In una nota l’ex primo cittadino, oggi a capo della Regione Piemonte rivendica i risultati ottenuti dalla stagione caratterizzata dalle giunte di Valentino Castellani, sua e di Piero Fassino. Un arco di tempo in cui “si sono realizzate la prima e attuale unica linea di metropolitana funzionante a Torino; il passante ferroviario e la relativa copertura, il raddoppio del Politecnico, la riqualificazione del Quadrilatero romano e di larga parte dei mercati rionali della città, nuovi parcheggi come Piazza Vittorio e Piazza San Carlo che hanno consentito la pedonalizzazione del centro storico con i benefici che tutti possono constatare e di cui tutti possono usufruire. Abbiamo, inoltre, avviato il recupero delle Ogr, riaperto musei che erano chiusi da tempo immemore, come Palazzo Madama, contribuito alla trasformazione di musei come l’Egizio e il Museo del Cinema, aperto musei nuovi come il Mao, realizzato il termovalorizzatore, senza il quale Torino forse avrebbe conosciuto qualche turbolenza dal punto di vista della gestione dei rifiuti”. Non solo. Chiamparino rivendica naturalmente le Olimpiadi, “che forse hanno dato un certo contributo alla proiezione internazionale e alla crescita del turismo della nostra città. Oltretutto è probabile che senza questo massiccio impegno di risorse pubbliche, sarebbero stati ben più pesanti gli effetti della crisi industriale che abbiamo subito, e da cui non siamo ancora completamente usciti”. Quindi, conclude Chiamparino, “chiedo alla sindaca a quali di queste opere si sarebbe dovuto rinunziare per non generare squilibri strutturali”.

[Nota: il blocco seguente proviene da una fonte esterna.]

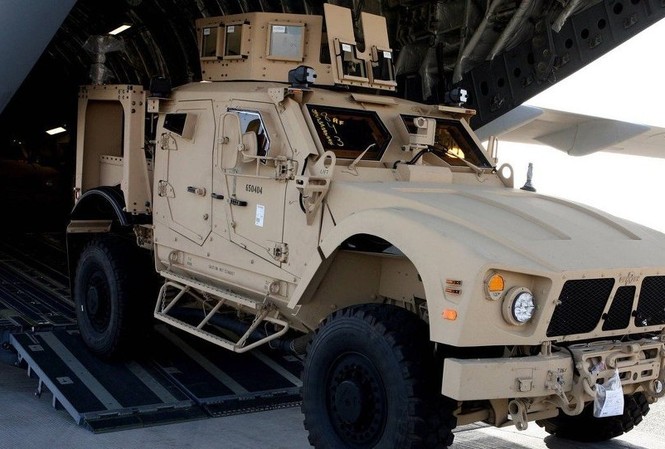 Mỹ viện trợ cho Iraq hàng trăm xe bọc thép chống mìn Xe bọc thép chống mìn (MRAP)
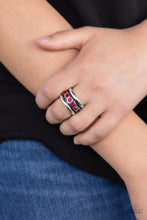 Paparazzi Accessories-Dauntless Shine - Red Ring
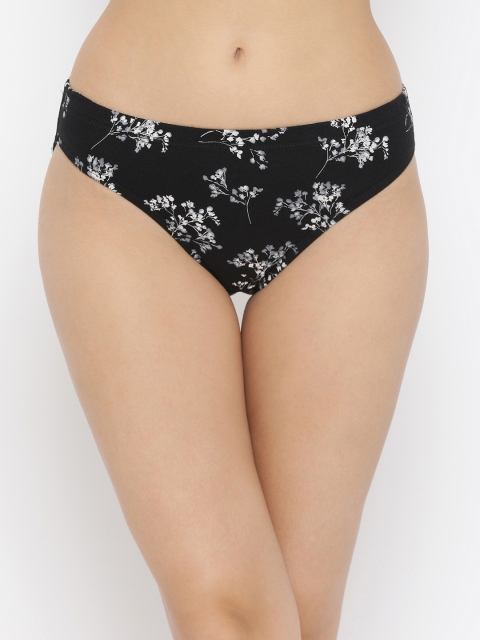

Clovia Women Black & White Printed Bikini Briefs PN3158P13XL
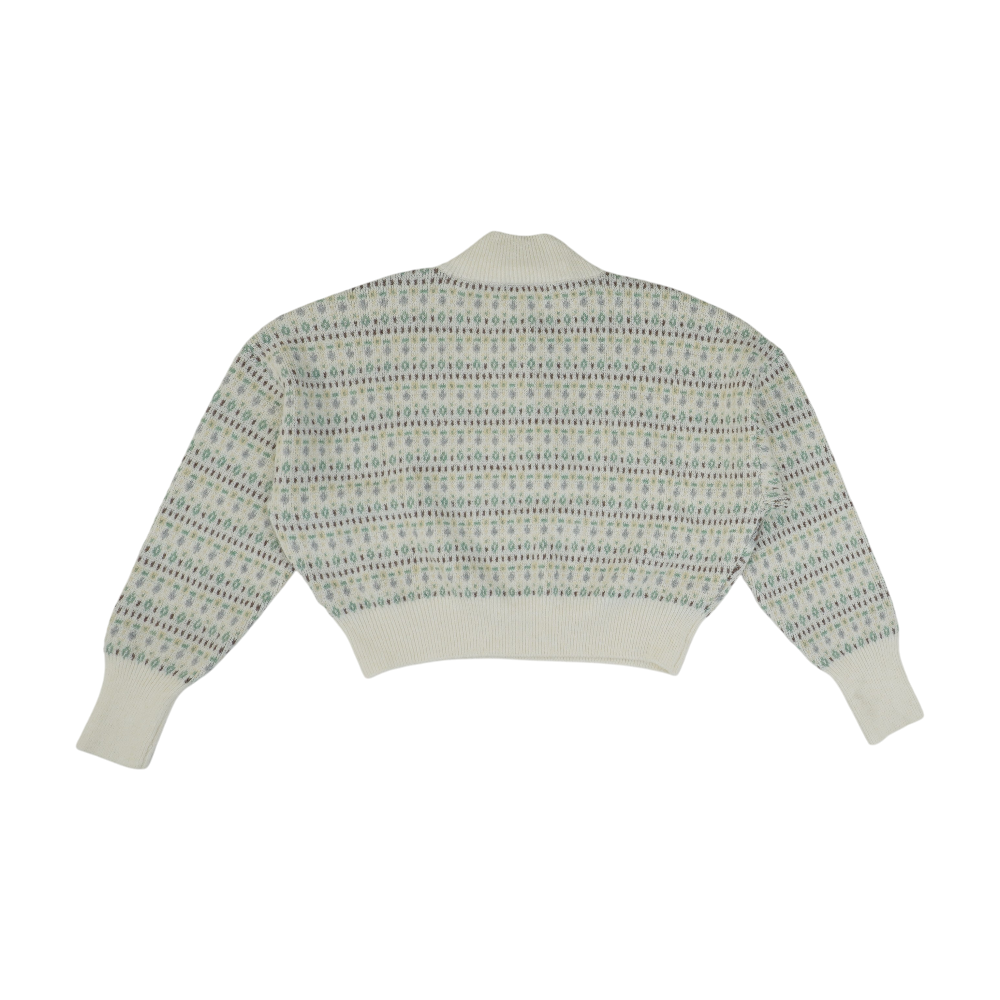 Ivory Graphic 1/4 Zip Sweater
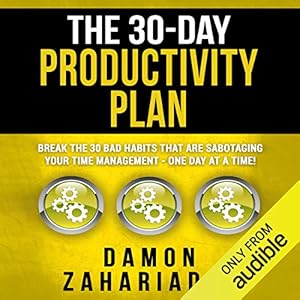 the 30 day productivity plan break the 30 bad habits that are sabotaging your time management one day at a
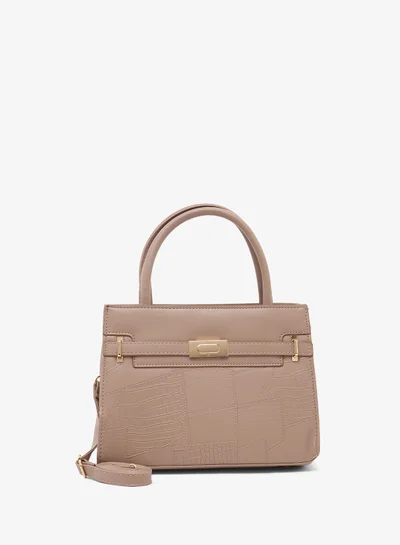 ELLA top handle satchel with strap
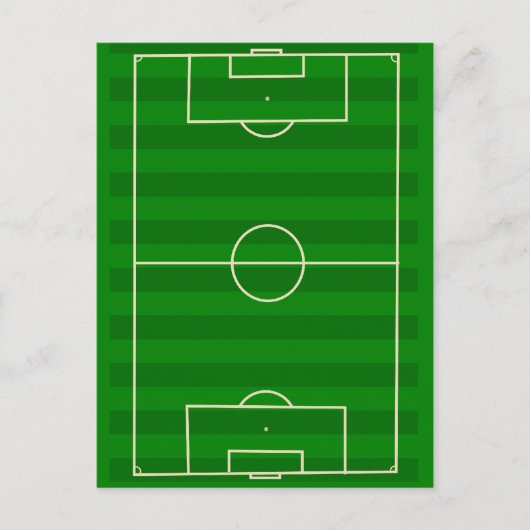 Voetveld Voetbal Briefkaart (Voorkant)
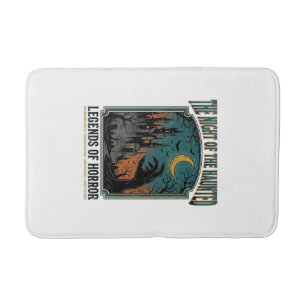 Halloween Horror Haunted Night Vintage Spooky_1 Bath Mat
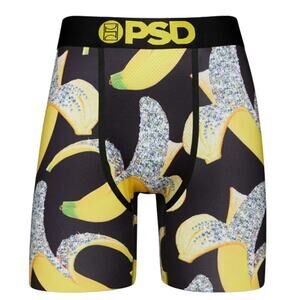 PSD Underwear Men's XL Iced Banana 7" Boxer Briefs Breathable MicroMesh Pouch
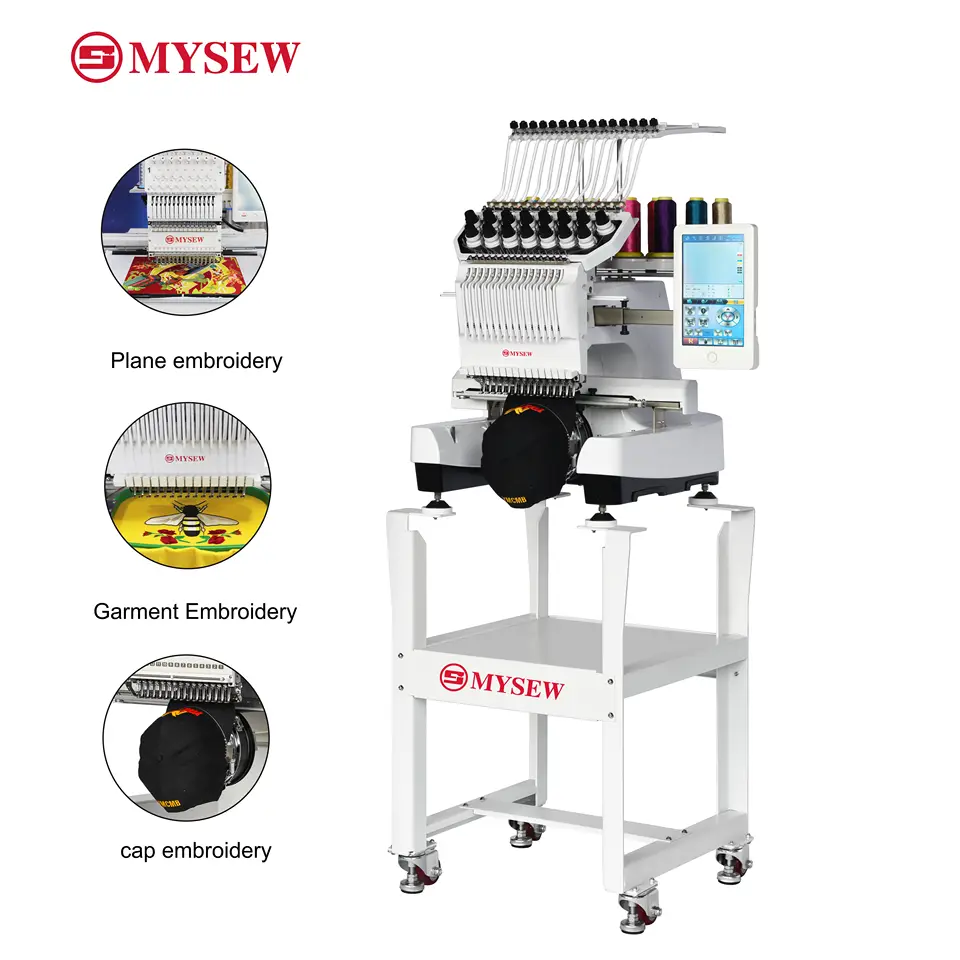 Máquina de Bordado Industrial  - Embroidery Machine Computerized avaliação e preço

Uno scontro che avviene proprio mentre il Chiappendino, curioso ircocervo politico impegnato a combattere le emergenze che di volta si presentano di fronte a Regione e Comune, si trova impegnato su più fronti, da Gtt al Salone del Libro. Appendino – che incolpa Fassino di “non aver detto la verità”, senza imputargli la responsabilità esclusiva dello stato dei conti di Palazzo Civico – ha fatto proprio quel che il suo predecessore non si è mai sentito di fare. Puntando, pur senza citarlo, il dito contro il principale artefice della sbornia olimpica. In questo senso ha aperto un dibattito che Fassino ha sempre voluto soffocare per ragion di stato, o forse semplicemente di partito.
Ma Appendino sa che per stare in piedi e fronteggiare quella pattuglia sempre più in fermento che la sostiene in Sala Rossa ha bisogno di alzare i toni, coagulare le truppe contro i fantasmi del passato e così, dopo la notte dei lunghi coltelli di ieri in cui ancora c’era chi, tra i consiglieri, chiedeva di intraprendere la procedura del pre-dissesto, scaricando tutto sul passato, Appendino è passata all’attacco. Forse inconsapevolmente e certamente in modo indiretto ha centrato il bersaglio grosso, in questo senso sì ha fatto l’operazione verità.
Un macigno pesa ora sulla Appendino, mentre Torino perde posizioni nello scacchiere nazionale: sarà in grado di coniugare il rigore finanziario con una nuova stagione di sviluppo che la città ha conosciuto nei trent’anni da lei messi all’indice? A oggi pare di no. Manca un’idea, un progetto. Ed è già passato un anno e mezzo.